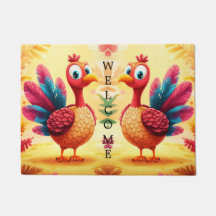 Cute Thanksgiving Turkey Doormat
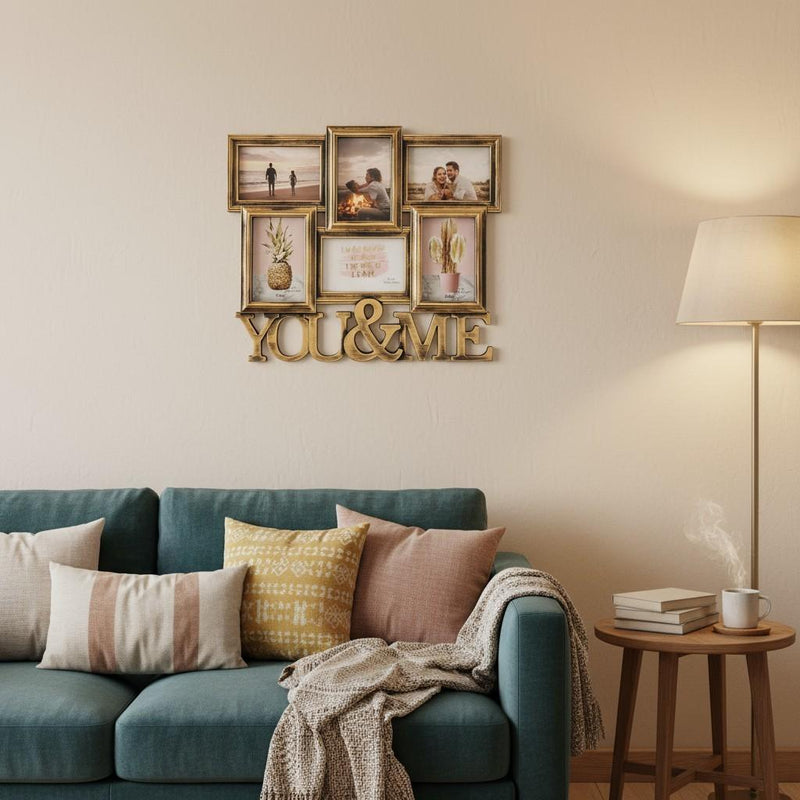 Load image into Gallery viewer, Collage Photo Frame Rustic Bronze glam Wall Hanging for Gallery Wall 6 Openings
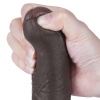 Реалистичный фаллос черного цвета на присоске Sliding Skin Dual Layer Dong, 18,3 см, Ø 3,5 см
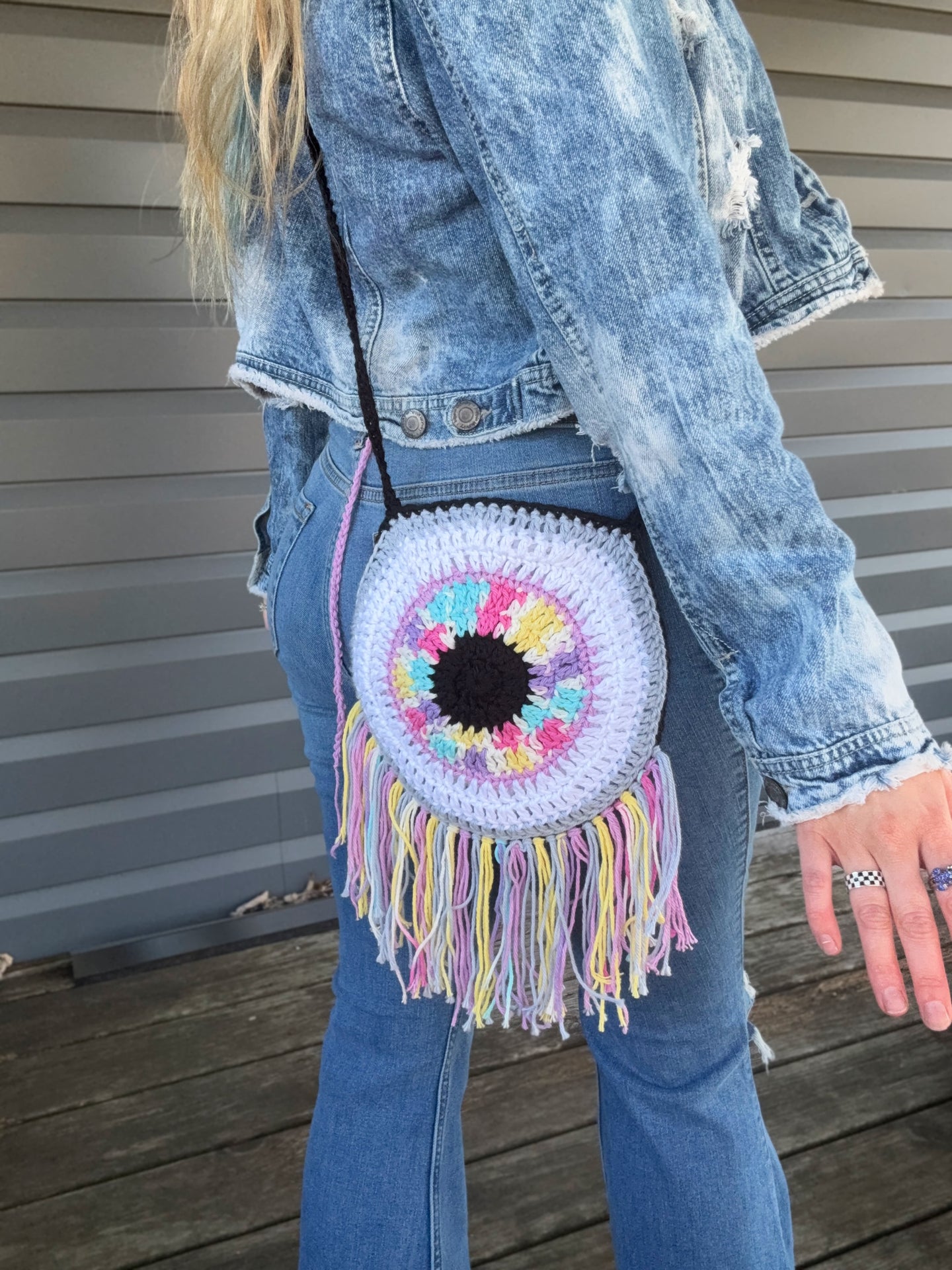 Fringe Evil Eye Purse (No Liner)
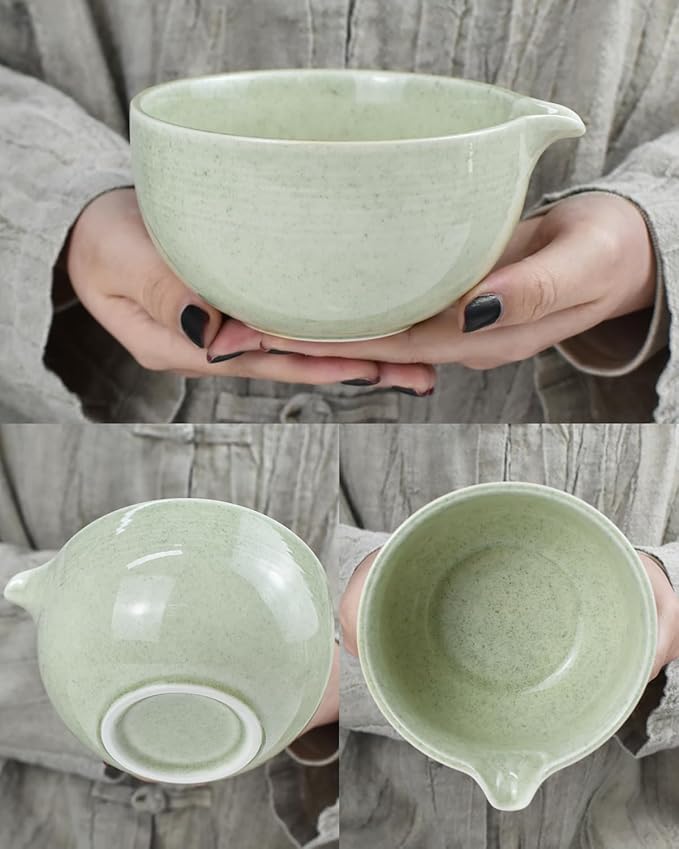 Artcome Premium Matcha Tea Set – 20.2oz Traditional Matcha Bowl with Pouring Spout, Bamboo Whisk, Whisk Holder, Tea Scoop & Matcha Tea Guide – Ideal for Ceremonial Use and Daily Enjoyment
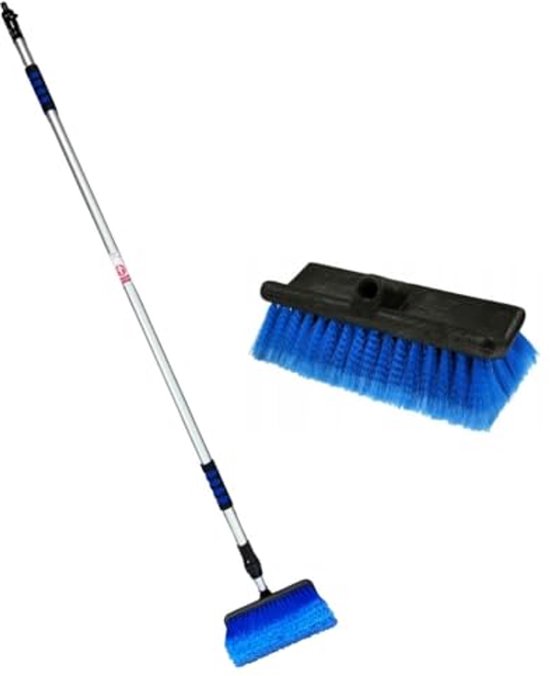 Telescoop Autowasborstel met Watertoevoer en Aan/Uit-schakelaar - Ideaal voor Auto, Camper en Zonnepanelen van Merkloos	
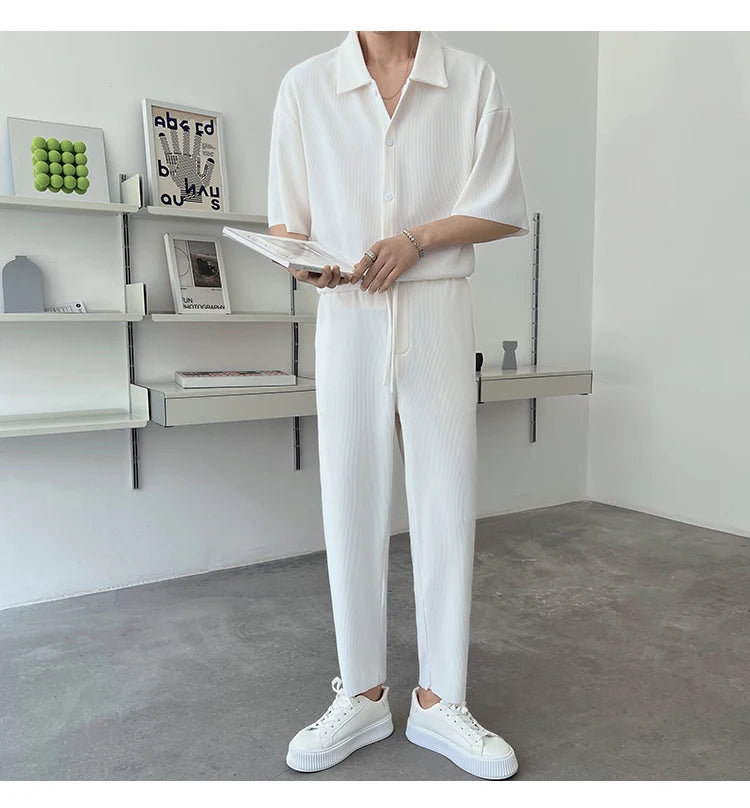 Summer Pleated Sets Men Fashion Black/White Casual Ice Silk Suit Men Korean Short-sleeved Shirt/Trousers Two-piece Mens Set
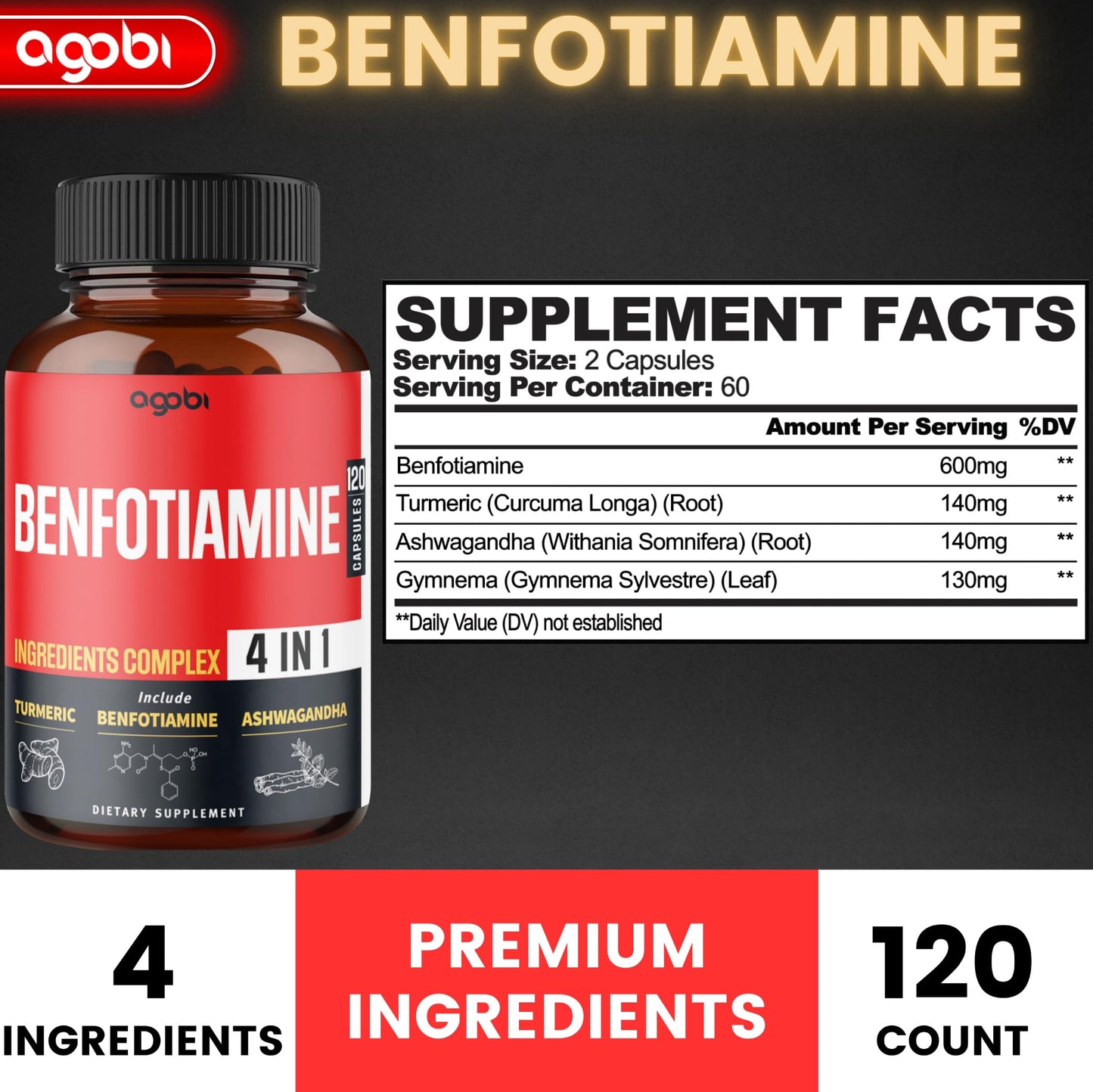 Agobi 4in1 Benfotiamine Supplement Capsule 120 Capsules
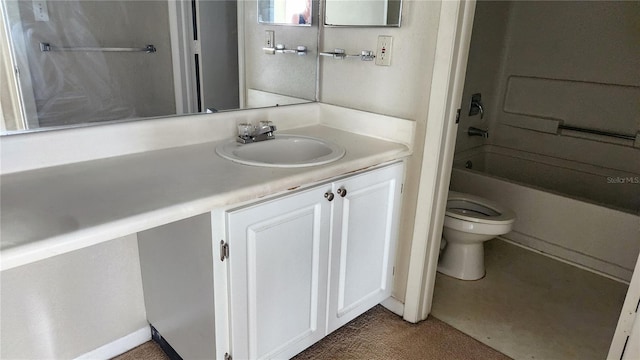 full bathroom featuring shower / bath combination, toilet, and vanity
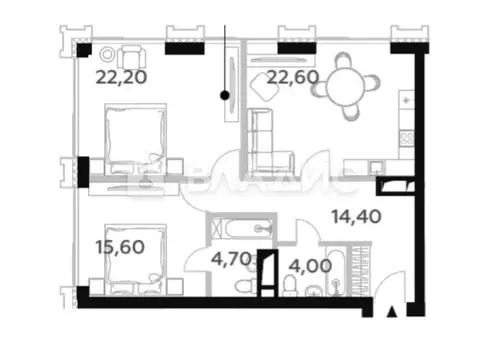 3-комнатная квартира: Москва, проспект Генерала Дорохова, 49 (84.9 м)
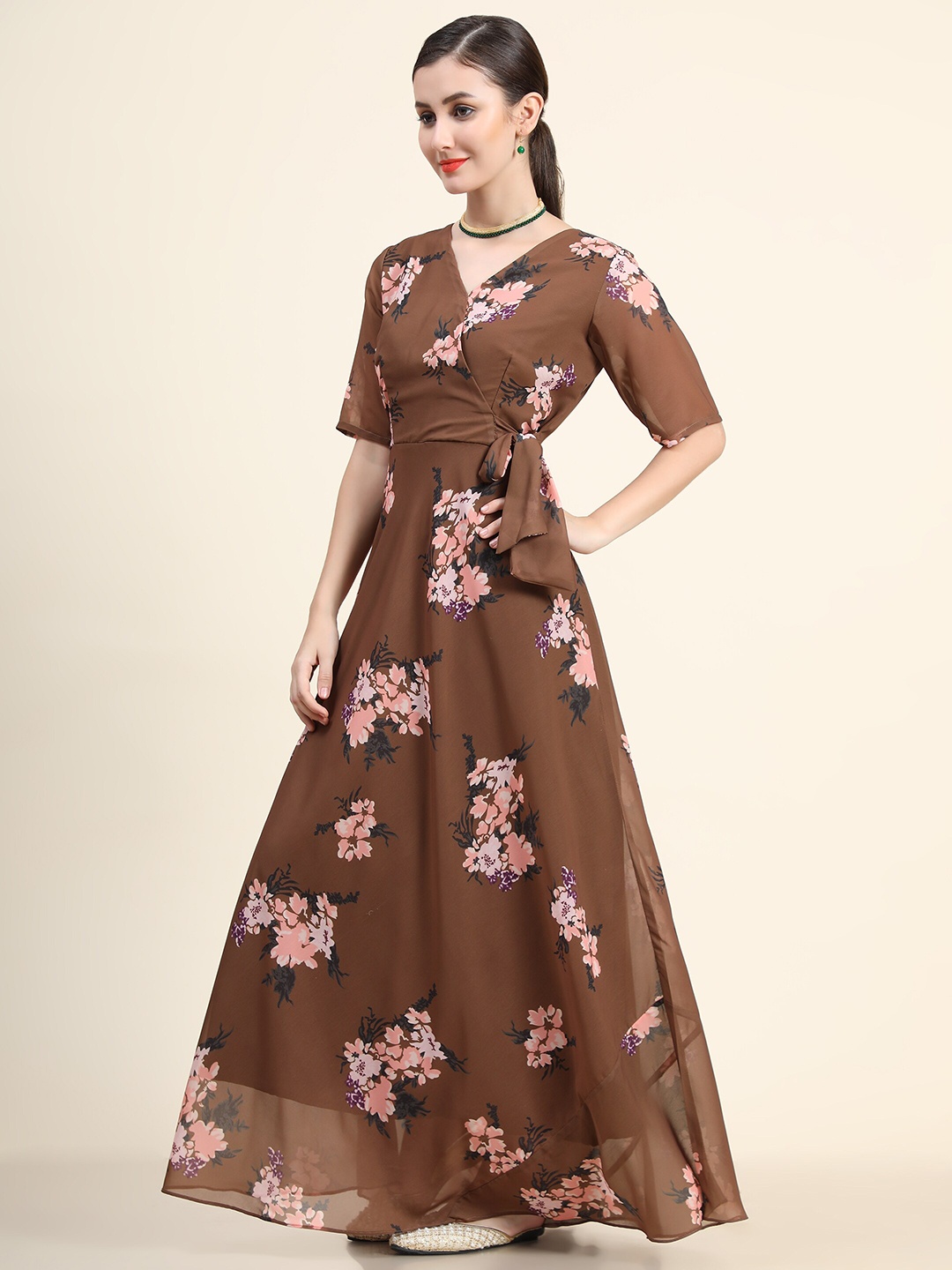 

KALINI Women Brown Floral Layered Georgette Ethnic Maxi Dress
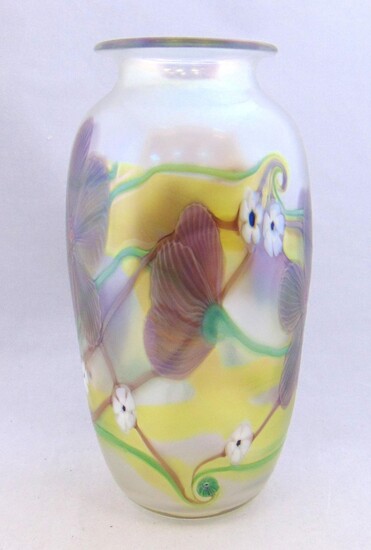 Orient and flume art glass vase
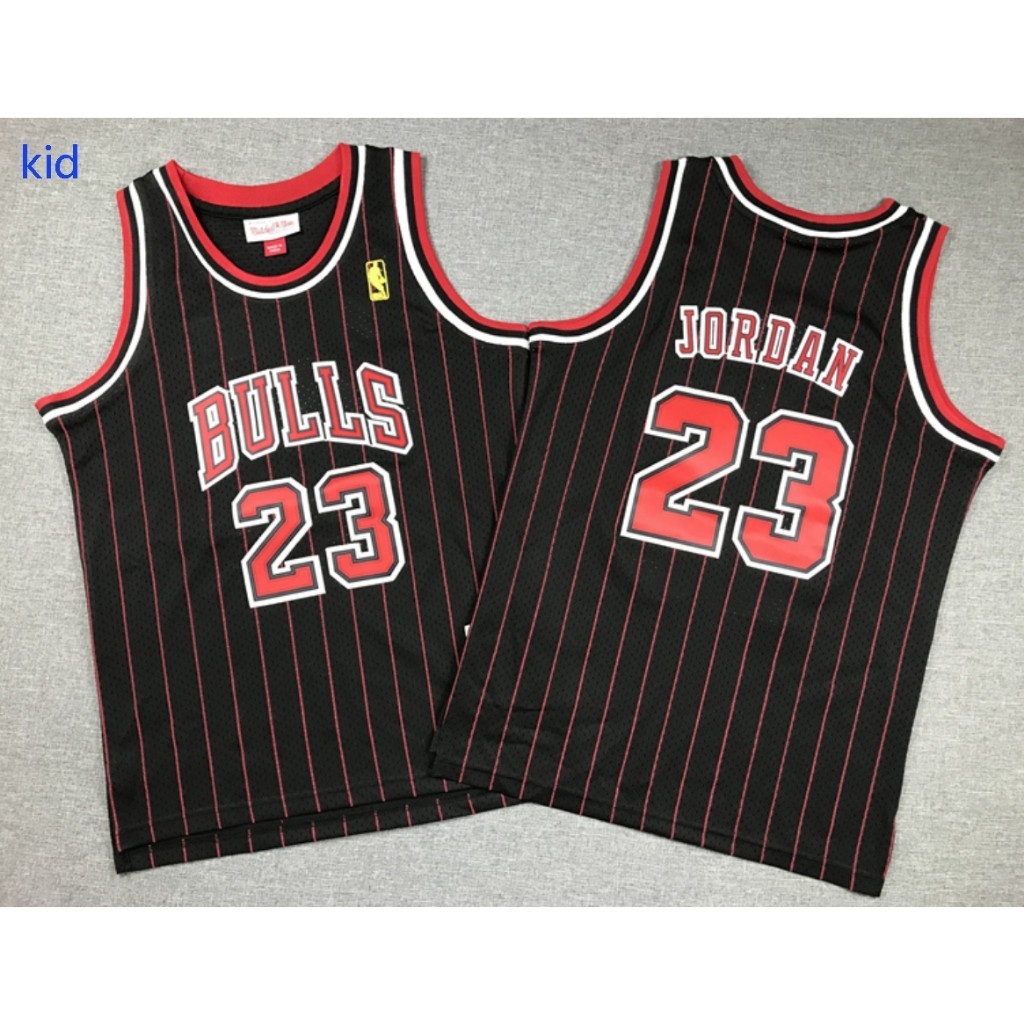 Trẻ em trẻ em Chicago Bulls mới #23 Áo bóng rổ thêu cổ điển Michael BULLS sọc đen đỏ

---+---

◆ To do:
All of the material above should be set down again exactly, though not its pictures.

◆ Expected output:
 Cute Thanksgiving Turkey Doormat
 Load image into Gallery viewer, Collage Photo Frame Rustic Bronze glam Wall Hanging for Gallery Wall 6 Openings
 Реалистичный фаллос черного цвета на присоске Sliding Skin Dual Layer Dong, 18,3 см, Ø 3,5 см
 Fringe Evil Eye Purse (No Liner)
 Artcome Premium Matcha Tea Set – 20.2oz Traditional Matcha Bowl with Pouring Spout, Bamboo Whisk, Whisk Holder, Tea Scoop & Matcha Tea Guide – Ideal for Ceremonial Use and Daily Enjoyment
 Telescoop Autowasborstel met Watertoevoer en Aan/Uit-schakelaar - Ideaal voor Auto, Camper en Zonnepanelen van Merkloos	
 Summer Pleated Sets Men Fashion Black/White Casual Ice Silk Suit Men Korean Short-sleeved Shirt/Trousers Two-piece Mens Set
 Agobi 4in1 Benfotiamine Supplement Capsule 120 Capsules
 full bathroom featuring shower / bath combination, toilet, and vanity
 3-комнатная квартира: Москва, проспект Генерала Дорохова, 49 (84.9 м)

KALINI Women Brown Floral Layered Georgette Ethnic Maxi Dress
 Orient and flume art glass vase
 Trẻ em trẻ em Chicago Bulls mới #23 Áo bóng rổ thêu cổ điển Michael BULLS sọc đen đỏ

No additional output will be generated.